I love that Unicode is very nicely and strictly defining it, but god damn is it a complicated beast.
On top of that, the Unicode rules do a very poor job with things like URLs and email addresses. The Android text stack has its own layer (WordBreaker in the minikin lib) on top of that which recognizes those and implements its own rules.
But TR14 is a good start, for sure.
The smallest allocatable block of Unicode is a 16 code point block of characters. In the BMP, there are just 8 such blocks remaining--and 1 of them is scheduled for use in Unicode 10 and 3 of them are tentatively reserved for a current proposal. Note however that there are ~10k unassigned code points within the BMP.
After the BMP, the next most-full block is the SIP (plane 2), which is basically entirely reserved for "random rare characters in Chinese/Japanese" (although only about 85% or so of it is considered assigned as of Unicode 10).

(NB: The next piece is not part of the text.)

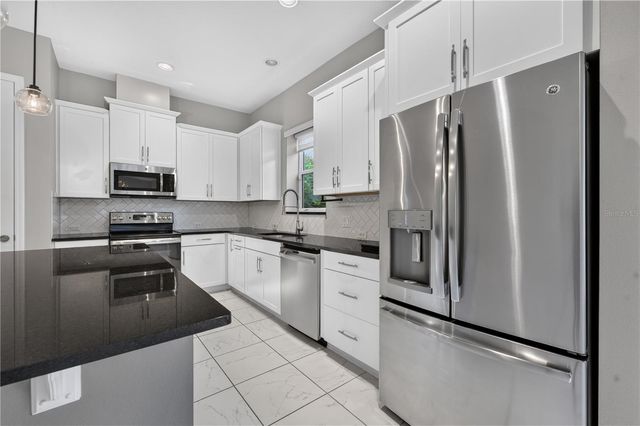 8437 MARTINSON STREET, Orlando, FL 32827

Plane 3, the TIP, is more or less reserved for SIP overflow and historical Chinese scripts, although only about 25% of it has tentative reservations.
Around half of the SMP is already tentatively reserved for scripts, although I'm not sure if the Script Encoding Initiative's list of scripts to encode (http://linguistics.berkeley.edu/sei/scripts-not-encoded.html) are all on the Unicode roadmap pages. There's about 200 scripts left to encode, although some of them may be consolidated in Unicode's script terminology (for example, Unifon is proposed for Latin Extensions D).
I think the set of remaining historical scripts to encode is considered more or less complete, although several scripts definitely need a lot more research to actually encode (Mayan hieroglyphics is probably the hardest script left, since it requires rather complex layout constraints).
A Practical Guide to Character Sets and Encodings
or: What’s all this about ASCII, Unicode and UTF-8?
This is very ambiguous definition and it can be very confusing. I sure there are many people who have read Joel Spolsky's Unicode intro and left confused.
Using ASCII as an example is confusing because ASCII character maps into several different Unicode concepts:
2. code point
3. encoded character
5. grapheme cluster
6. abstract character
7. user perceived character
Mapping from user perceived character to abstract characters is not total,injective, or surjective. Some abstract characters need more than one code point to express them. You can't split sequence of Unicode code points arbitrarily in code point boundaries, you must use grapheme clusters instead.
Actually 'code unit', which may have any number of bits, depending on the encoding. Otherwise spot on.
you'll notice I didn't cover collation -- why? because explaining that would dilute process of understand UTF-x and UNICODE
When people start with introduction like this, they end up thinking they have learned more than they actually have.
I point this out because I was one of those mislead by several previous articles explaining Unicode encoding the same wrong way as you did. When I ran into trouble and asked help, everybody around me was misguided the same way. I didn't know I had to dig into manuals because everybody explained that this is how it is. Then I had to teach everyone else that we had all learned it wrong.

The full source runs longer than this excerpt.